- Born: 18th century Málaga, Spain
- Died: 26 January 1812 Murcia
- Branch: Cavalry
- Conflicts: War of the Pyrenees; Peninsular War Battle of Puente Sanpayo; Battle of Tamames; Battle of Alba de Tormes; Battle of Albuera; ;

= Martín de la Carrera =

Spanish army officer (18th century – 1812)

Martín de La Carrera (18th century – 1812) was a Spanish military commander.

==Early career==

A captain during the War of the Pyrenees, he was badly wounded by a bullet to the chest.

As a colonel, in 1808 La Carrera was transferred to the Guardia Real, and sent with La Romana's expeditionary force to Denmark, where he was attached to the King's Cavalry Regiment.

==Peninsular War==

Once back in Spain, in mid-October 1808, La Romana gave orders for raising a guerrilla cavalry corps, to be commanded by his brother, Field Marshal Juan Caro, with La Carrera as second-in-command, and with which they were active in Asturias and León.

In early March 1809, leaving some 2,000 men under General La Carrera at Puebla de Sanabria, General La Romana departed to strike back into Galicia with 6,000 infantry. Marching on Villafranca, he forced the French garrison there to surrender after a fierce battle.

Towards the end of May, La Carrera left a small detachment of 200 men at Sanabria and marched up to Santiago de Compostela with 1,500 men, 70 horse, and nine guns to form the core of the Division of the Minho, the newly raised insurrectionary army that Morillo and Garcia del Barrio had been training and, as commander-in-chief of this division, would defeat Maucune's four battalions and a regiment of chasseurs at the Combat at Campo de Estrella (Compostela) on 22 May.

Shortly thereafter he handed over his command of the División del Miño to the newly appointed second-in-command of the captaincy general of Galicia, Count Noroña, and they went on to defeat Marshal Soult at the Battle of Puente Sanpayo. For his services at these two battles La Carrera was promoted to field marshal.

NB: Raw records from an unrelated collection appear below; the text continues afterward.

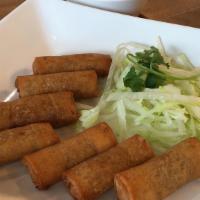 Egg Rolls · Fried rolls, filled with ground pork, shrimp, grated taro, sweet onions, and jicama. Served ...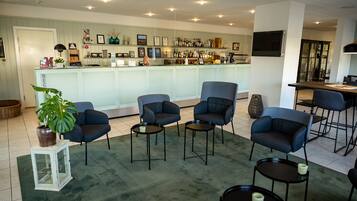 A bar area with seating and a counter.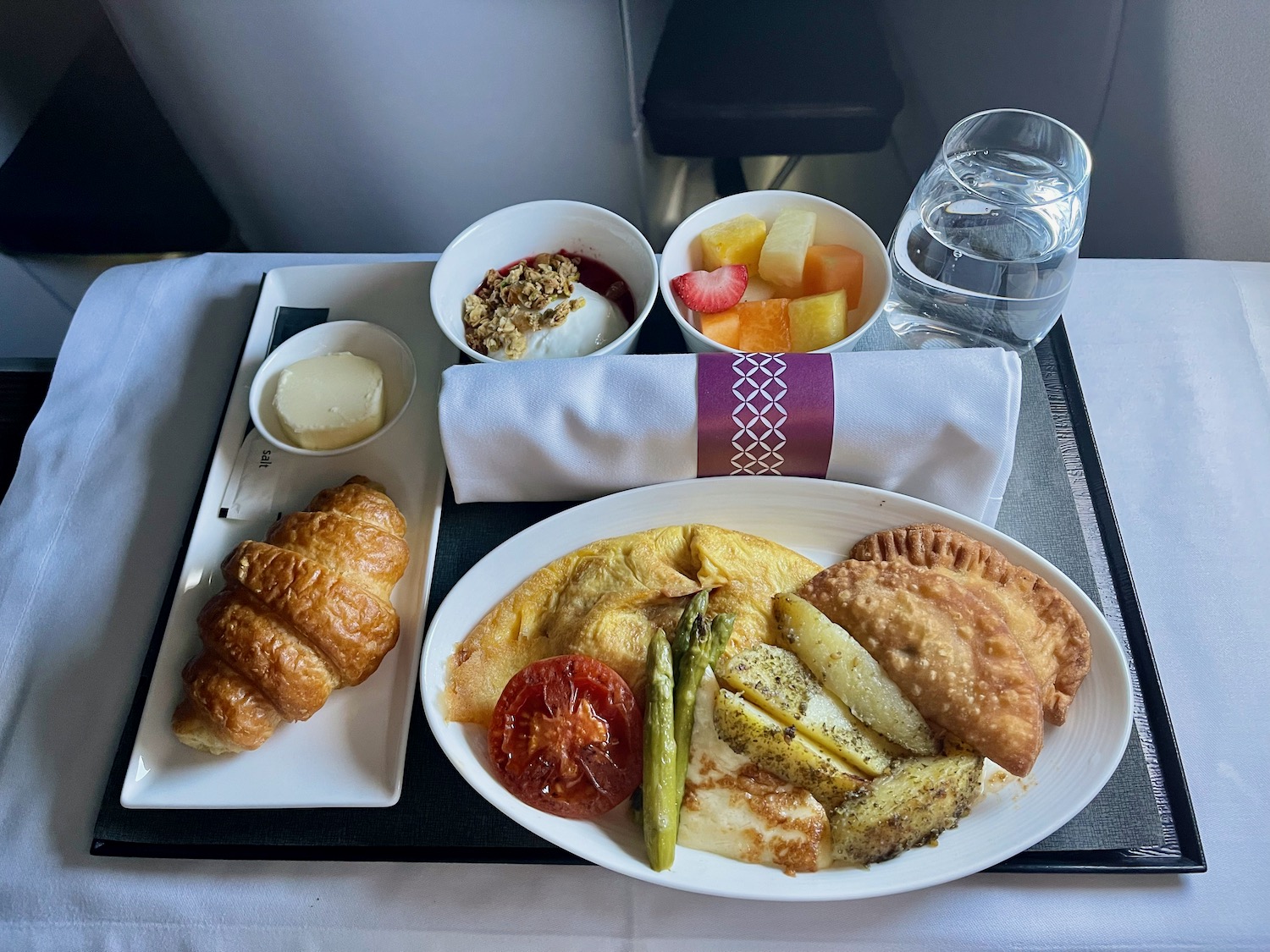 a plate of food on a tray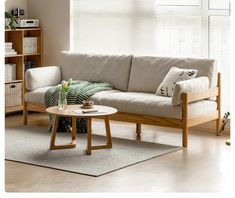 a living room scene with focus on the couch and coffee table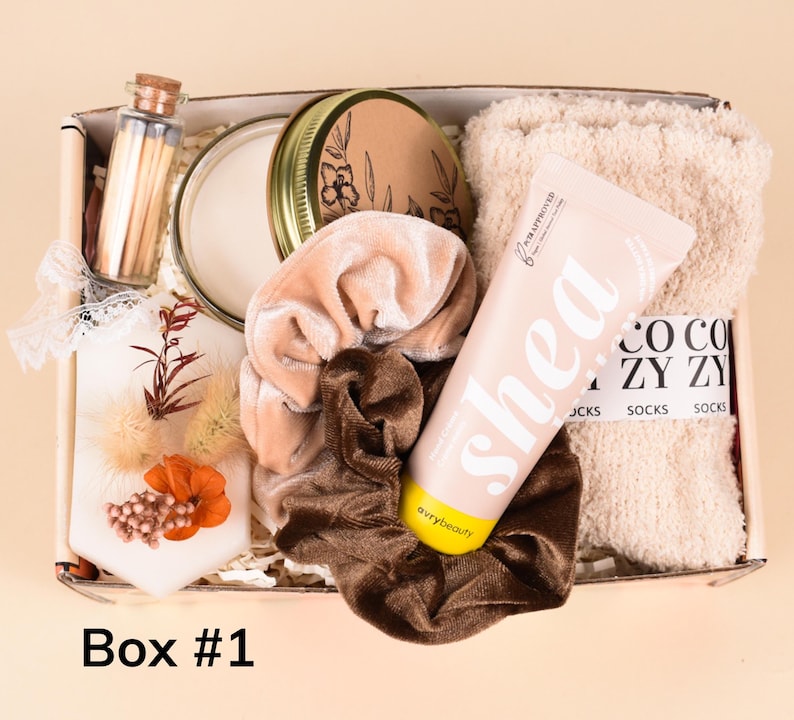 May include: A gift box labeled "Box #1" filled with self-care items. Includes a candle, matches, a tube of shea butter lotion, fuzzy socks, and velvet scrunchies in shades of beige and brown. The box is on a light beige background.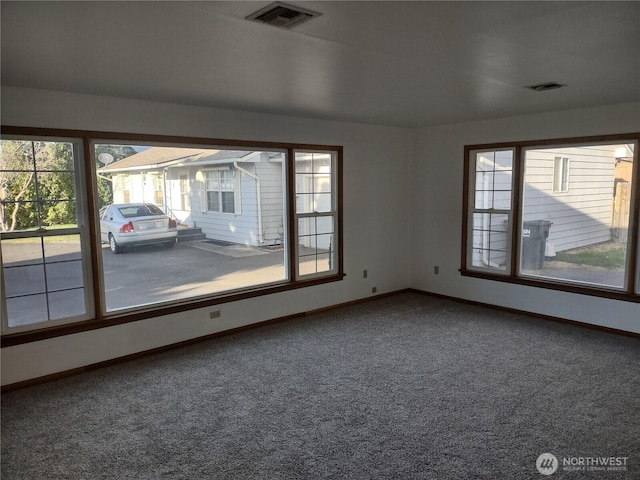 312 SE 9th St, College Place, WA 99324 - spare room with baseboards, carpet floors, and visible vents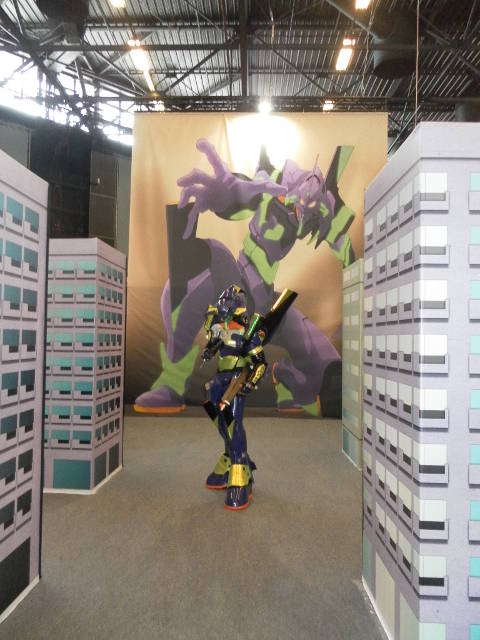 Un cosplayer nei panni dell'Eva-01 si aggira tra i palazzi di Neo Tokyo-3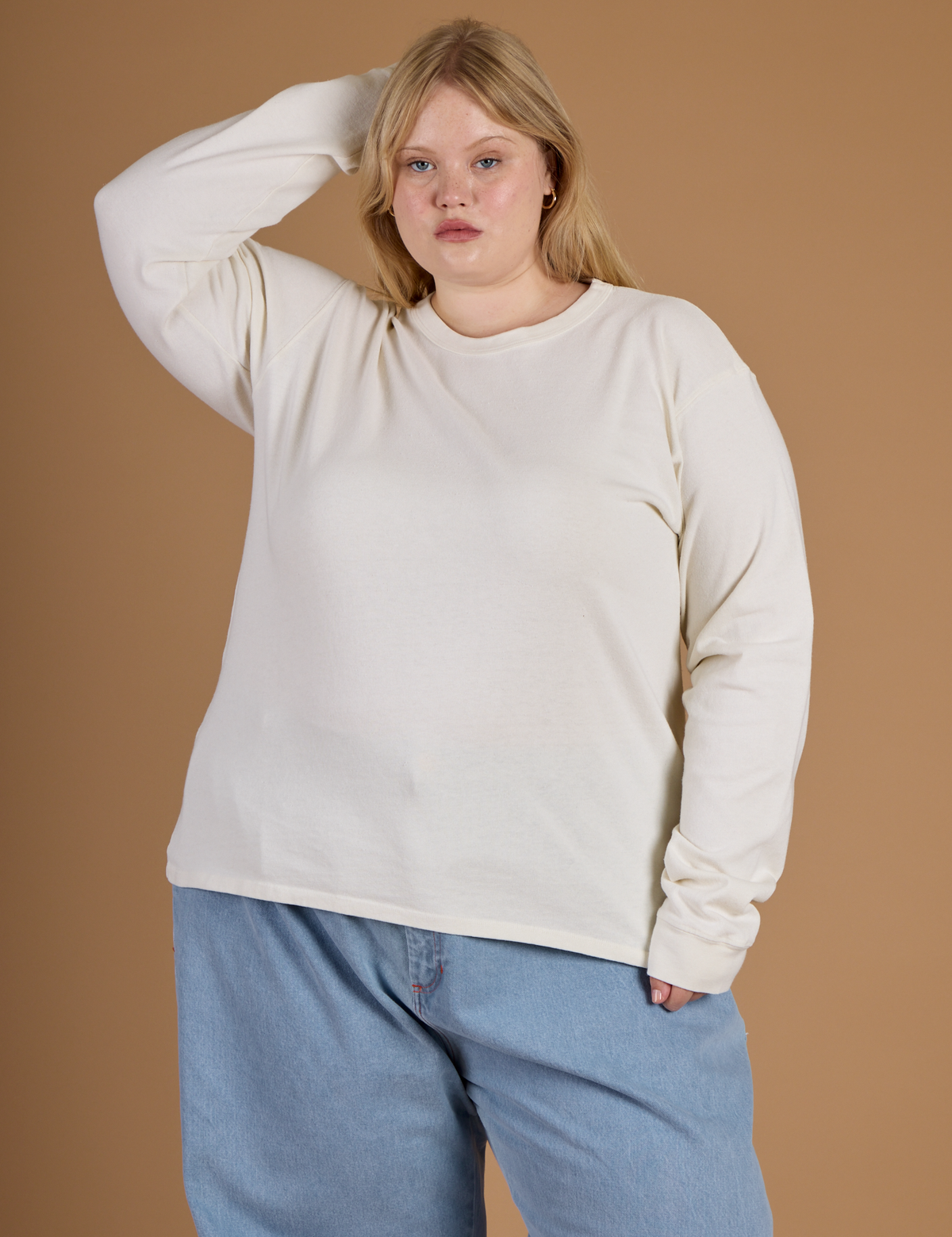 Juliet is 5'7" and wearing L Vintage Tee White Long Sleeve Burly Tee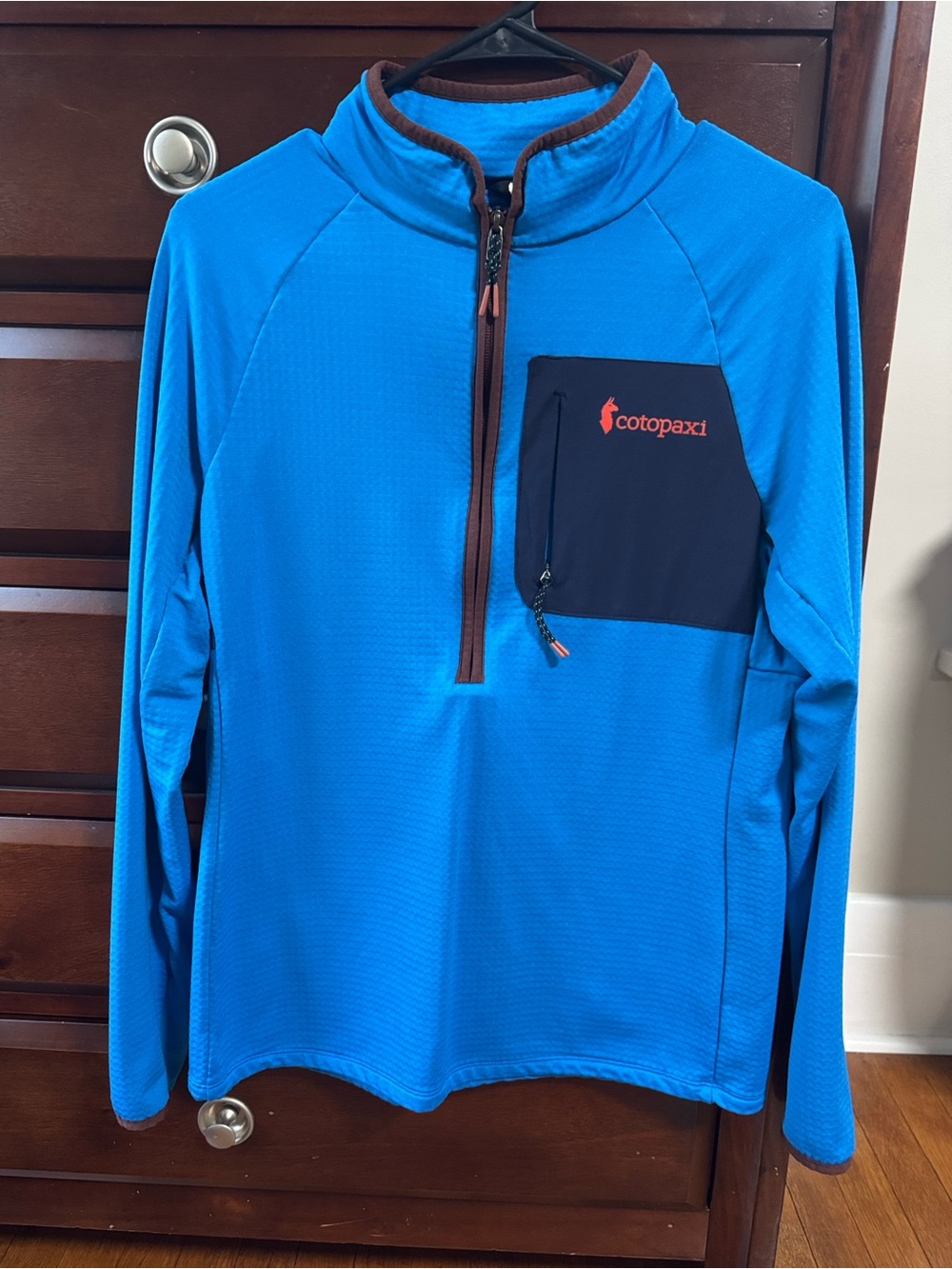 cotopaxi Blue Half-Zip Pullover with Navy Pocket and Brown Trim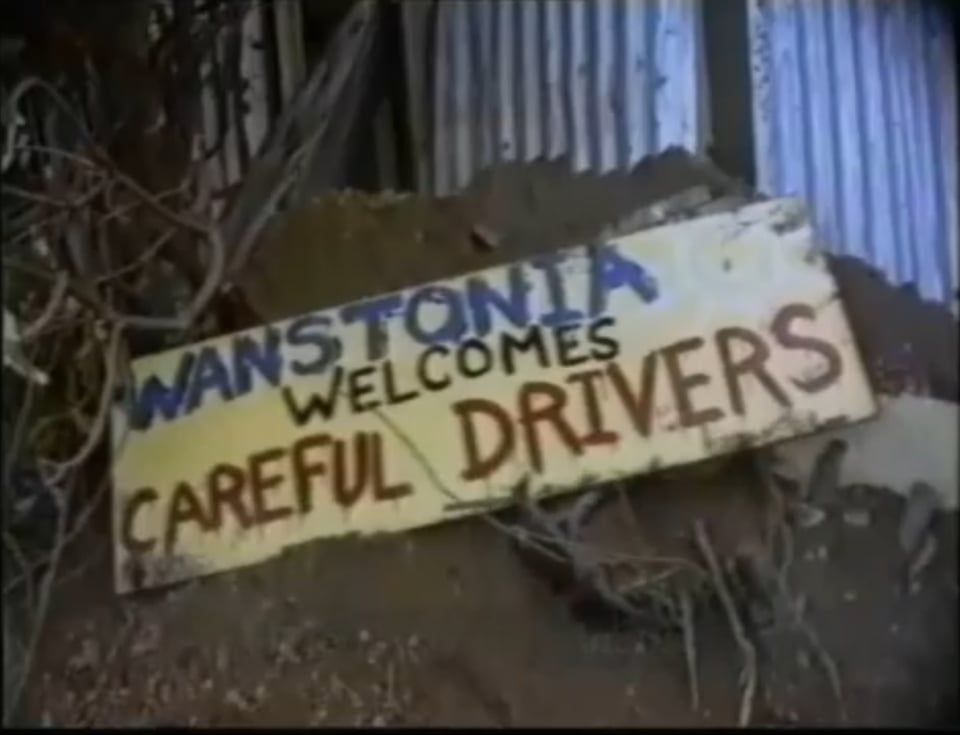 A sign reading "Wanstonia Welcomes Careful Drivers"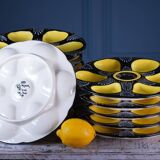 Set of twelve handpainted Brittany yellow, cream and black oyster plates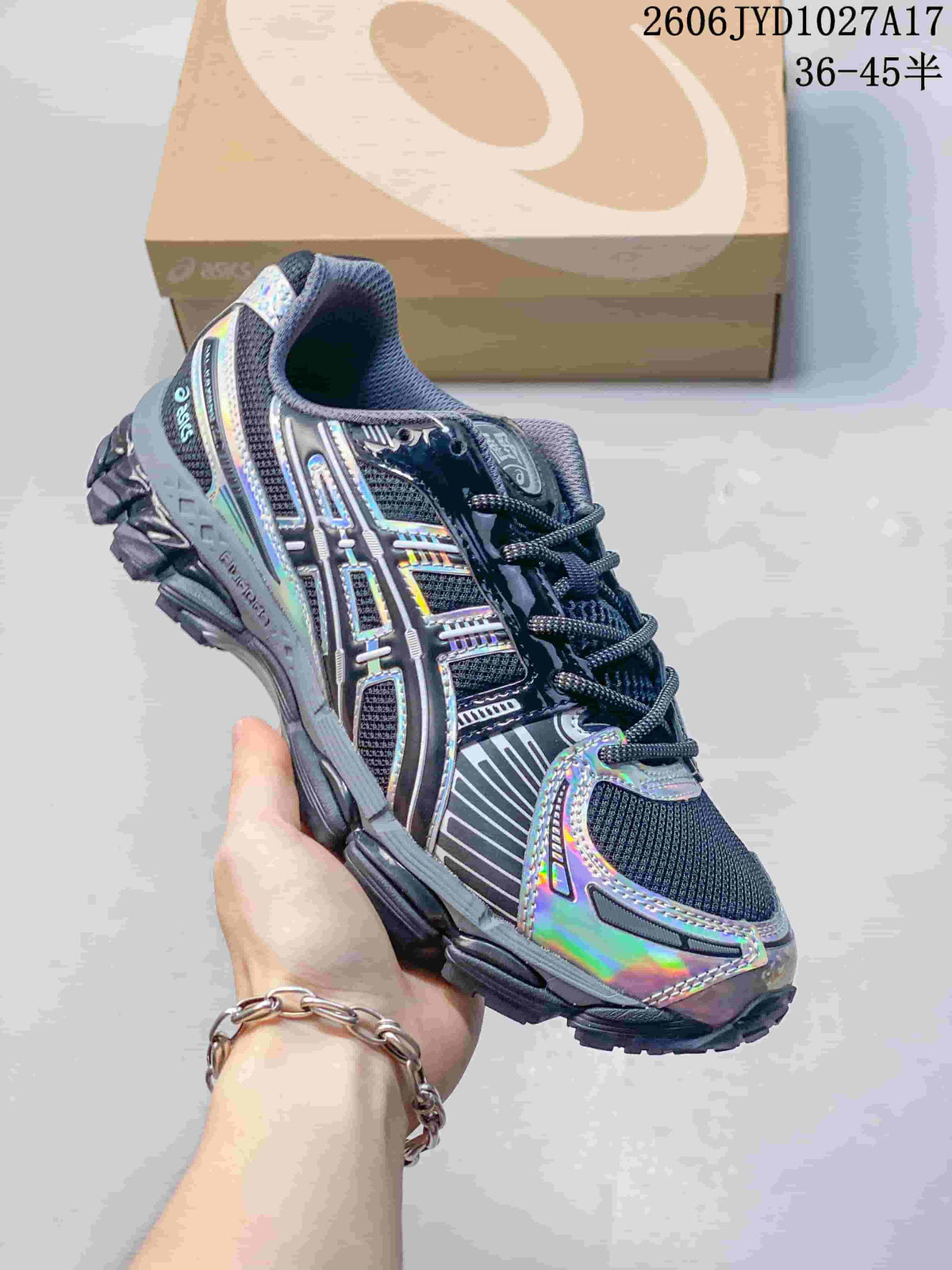 Silver ASICS GEL-KAYANO 12.1 sneaker with green accents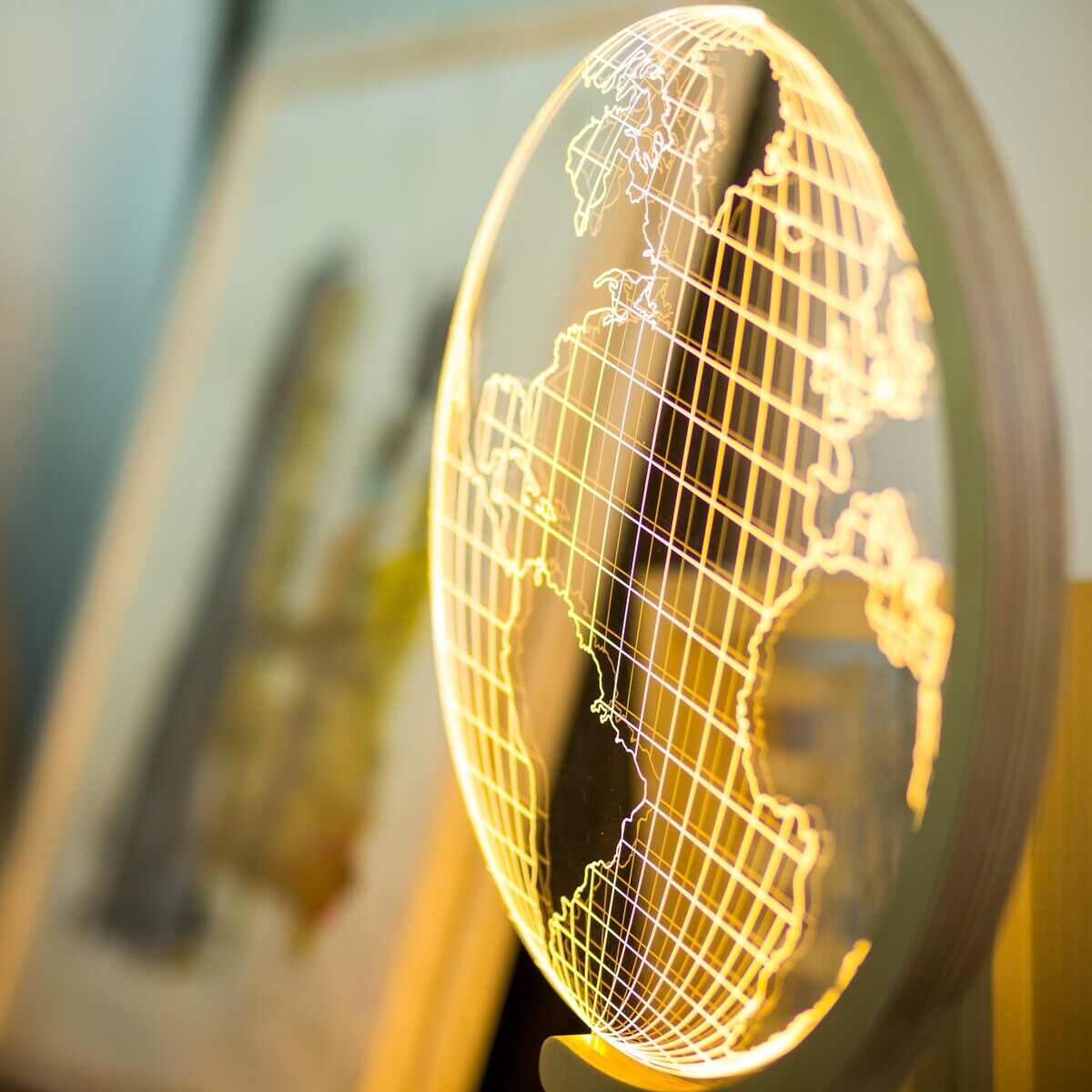 Eine LED-Leuchte in Form eines Globus, die auf einem Schreibtisch steht. Die Weltkarte ist in gelb-goldenen Leuchtlinien dargestellt. Der Hintergrund ist leicht unscharf und zeigt weitere Dekorationsgegenstände.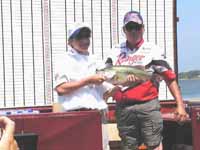 Tucker Adams (MO), 2003 Junior Bassmasters National Champion, 11-14 Age Group, with his 5.09 pound bass - July 19, 2003.  Photo: Courtesy of Charlie Beach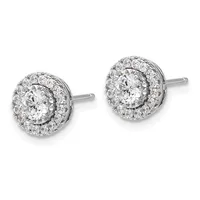 A pair of round diamond stud earrings with a central round diamond surrounded by a halo of smaller diamonds in white metal, shown from the front.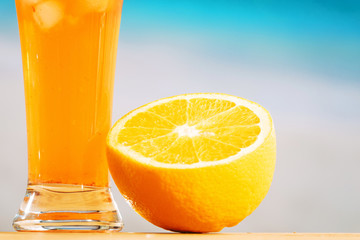 Ripe sliced orange and glass of juicy drink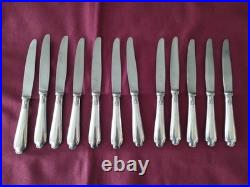 12 couteaux à entremet en métal argenté Christofle alfénide modèle pompadour
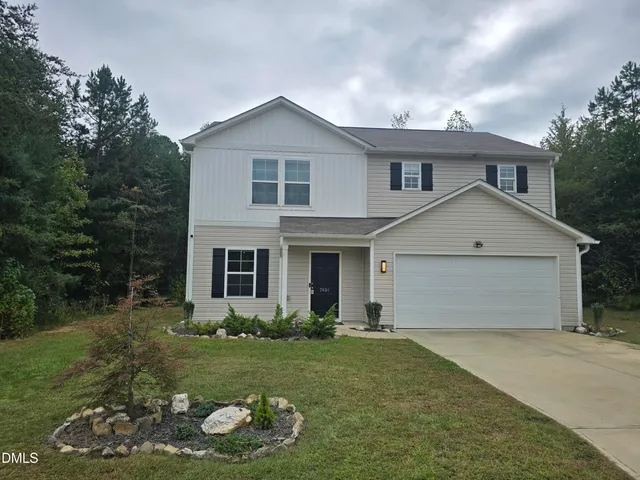 a view of a house with yard and a garden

His cavalry division was later incorporated into General Mahy's army, withdrawing first to Astorga and then towards Salamanca.

At the battles of Tamames (October 1809) and Alba de Tormes (November 1809), La Carrera led General Duke Del Parque's Vanguard Division, the morning state of which, on 20 November, a week before Alba de Tormes, was 363 officers and 7,050 men, plus one battery of field artillery.

In 1810 he saw action in Extremadura, leading a relief party into Ciudad Rodrigo and capturing Cáceres.

En 1811, still in Extremadura, La Carrera fought at the Battle of Albuera, before moving down into Andalusia and then Murcia. In September he was given the command of the Cavalry of Mahy's re-organised 3rd Army.

La Carrera was killed in action at Murcia.